Have you ever thought your love of chocolate is borderline addiction? Do you rummage through the pantry to find the last of the Easter eggs? Do you believe that you may be distantly related to Augustus Gloop. There could be a good reason for your chocolate obsession. I often consider why people crave the foods they do and look at what the body is reaching out for.

Nutritional Benefits of Cocoa: I just need to clarify that I am referring to cocoa in the raw form not your mass produced processed supermarket chocolate. Raw cocoa is a great source of magnesium it also contains potassium, zinc, iron, calcium and manganese. Cocoa is also abundant in polyphenols and flavonoids that are linked to prevention of neurodegenerative conditions and cardiovascular disease.

Stress cravings for chocolate: when we are stressed our nervous system demands more magnesium. Cocoa is a rich source of magnesium, in relation to our cravings its magnesium that the body is most likely crying out for.

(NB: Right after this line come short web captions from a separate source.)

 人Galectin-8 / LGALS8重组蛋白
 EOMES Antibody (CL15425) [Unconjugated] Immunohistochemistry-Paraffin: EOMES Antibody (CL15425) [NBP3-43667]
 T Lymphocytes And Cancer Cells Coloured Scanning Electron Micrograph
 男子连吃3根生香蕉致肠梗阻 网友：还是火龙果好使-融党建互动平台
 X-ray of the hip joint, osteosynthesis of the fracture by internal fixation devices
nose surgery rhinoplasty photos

Nutritionally we can support our requirements for magnesium by including a variety of nuts, seeds, wholegrains, legumes, dark leafy vegetables, magnesium baths and raw cocoa. In times of emotional and physical stress, magnesium supplementation is highly beneficial in supporting the nervous system.

Why chocolate makes us feel good: In sweet chocolate it is most likely sensory stimulation that makes people feel good. That chocolate, taste smell and texture in the mouth. Research revealed that regions of the brain are activated more strongly in chocolate cravers than in non-cravers. The Polyphenols present in cocoa may have anti-depressant effects. Unfortunately, the high sugar content in commercial chocolate reverses any benefit by causing a dive in our blood sugars shortly after eating.

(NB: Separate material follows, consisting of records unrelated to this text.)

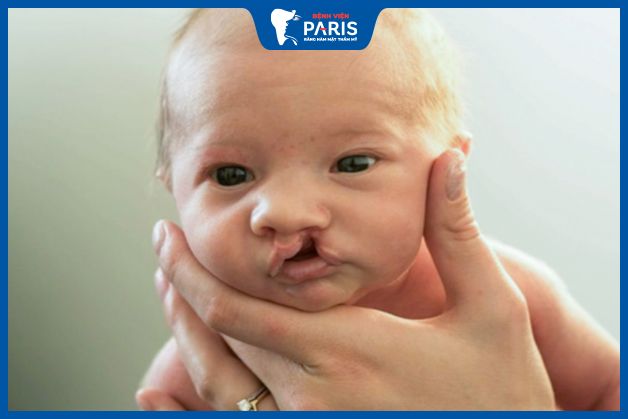 Trẻ không nên chữa hở hàm ếch quá sớm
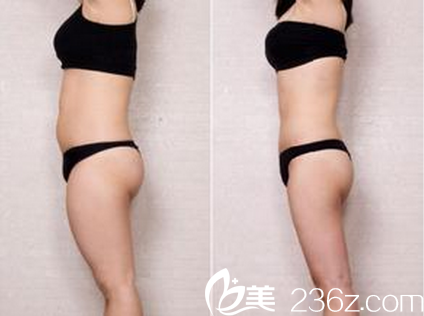 成都西區(qū)醫(yī)院全身吸脂案例對比照 成都西區(qū)醫(yī)院全身吸脂案例對比照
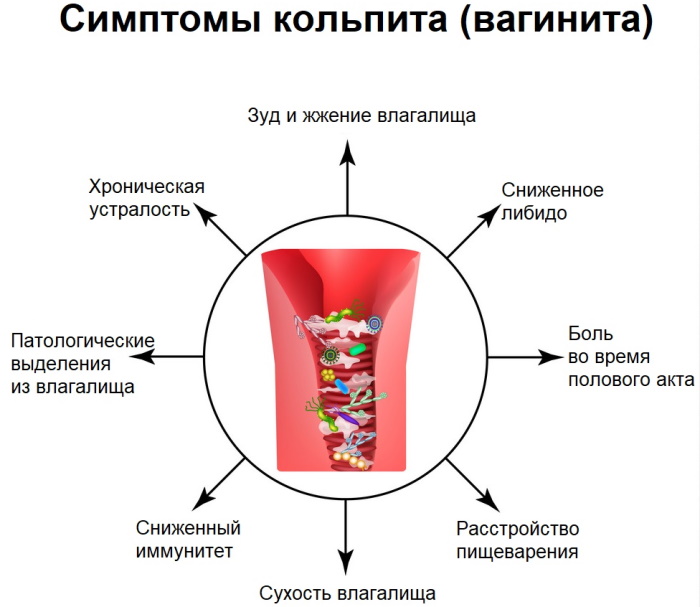 Острый вагинит. Что это, причины, симптомы, лечение
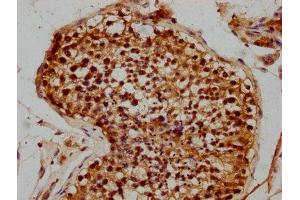 IHC image of ABIN7176072 diluted at 1:300 and staining in paraffin-embedded human testis tissue performed on a Leica BondTM system. (ZIM2 抗体  (AA 1-124))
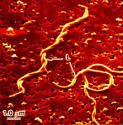 <b>Borrelia burgdorferi</b>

Why women hormonally crave chocolate: This sometimes obsessive craving by many women is most likely due cocoas ability to influence the brains stimulation of neurotransmitters such as serotonin. This explains why women will crave chocolate before their menstrual cycle. The brain is trying to correct an imbalance and chocolates promotes the pleasure receptors in the brain. A woman’s requirement for magnesium is higher just before and during her cycle. Further promoting the need for chocolate. This association with chocolate easing PMS may become problematic as the quality and quantity of chocolate may eliminate any therapeutic benefit. It also becomes sometimes an excuse to overindulge.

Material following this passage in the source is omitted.